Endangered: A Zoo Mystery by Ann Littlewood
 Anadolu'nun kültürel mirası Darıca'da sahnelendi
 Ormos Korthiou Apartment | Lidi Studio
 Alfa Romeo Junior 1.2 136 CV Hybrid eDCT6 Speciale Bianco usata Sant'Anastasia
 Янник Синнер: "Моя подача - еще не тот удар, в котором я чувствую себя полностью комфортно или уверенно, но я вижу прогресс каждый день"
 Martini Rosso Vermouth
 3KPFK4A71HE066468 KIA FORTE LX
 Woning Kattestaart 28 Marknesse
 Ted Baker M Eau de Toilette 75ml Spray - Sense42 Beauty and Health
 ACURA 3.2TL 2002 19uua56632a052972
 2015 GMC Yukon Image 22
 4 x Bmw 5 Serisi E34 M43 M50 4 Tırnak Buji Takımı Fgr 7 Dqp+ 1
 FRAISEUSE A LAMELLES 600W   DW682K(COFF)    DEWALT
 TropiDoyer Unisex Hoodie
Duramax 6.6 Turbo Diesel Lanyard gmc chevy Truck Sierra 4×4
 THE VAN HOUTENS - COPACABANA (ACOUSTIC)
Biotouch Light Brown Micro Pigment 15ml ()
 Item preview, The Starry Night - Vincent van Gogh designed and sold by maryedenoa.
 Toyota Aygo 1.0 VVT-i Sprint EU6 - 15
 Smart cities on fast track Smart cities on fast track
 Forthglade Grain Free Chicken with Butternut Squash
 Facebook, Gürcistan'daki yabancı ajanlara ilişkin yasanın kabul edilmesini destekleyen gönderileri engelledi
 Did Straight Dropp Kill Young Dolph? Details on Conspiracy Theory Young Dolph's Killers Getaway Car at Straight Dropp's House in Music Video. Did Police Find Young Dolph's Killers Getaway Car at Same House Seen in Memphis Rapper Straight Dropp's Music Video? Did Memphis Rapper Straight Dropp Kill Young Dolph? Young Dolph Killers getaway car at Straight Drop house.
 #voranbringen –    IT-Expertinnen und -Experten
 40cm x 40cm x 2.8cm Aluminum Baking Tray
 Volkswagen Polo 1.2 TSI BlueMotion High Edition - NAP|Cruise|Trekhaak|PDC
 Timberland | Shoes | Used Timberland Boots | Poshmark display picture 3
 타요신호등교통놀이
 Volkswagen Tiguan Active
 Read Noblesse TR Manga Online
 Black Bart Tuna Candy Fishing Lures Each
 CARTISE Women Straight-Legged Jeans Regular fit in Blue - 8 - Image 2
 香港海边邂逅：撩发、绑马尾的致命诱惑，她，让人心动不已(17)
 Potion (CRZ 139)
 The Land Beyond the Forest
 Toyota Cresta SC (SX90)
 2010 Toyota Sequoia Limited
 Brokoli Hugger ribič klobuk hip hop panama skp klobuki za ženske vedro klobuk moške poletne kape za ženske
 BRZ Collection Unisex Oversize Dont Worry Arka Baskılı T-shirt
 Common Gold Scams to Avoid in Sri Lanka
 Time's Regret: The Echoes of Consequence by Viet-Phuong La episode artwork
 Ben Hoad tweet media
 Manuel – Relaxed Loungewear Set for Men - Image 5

#### Task description
Only the lines holding "Straight" are wanted, so copy each of them from the material.

#### Solved problem
 Did Straight Dropp Kill Young Dolph? Details on Conspiracy Theory Young Dolph's Killers Getaway Car at Straight Dropp's House in Music Video. Did Police Find Young Dolph's Killers Getaway Car at Same House Seen in Memphis Rapper Straight Dropp's Music Video? Did Memphis Rapper Straight Dropp Kill Young Dolph? Young Dolph Killers getaway car at Straight Drop house.
 CARTISE Women Straight-Legged Jeans Regular fit in Blue - 8 - Image 2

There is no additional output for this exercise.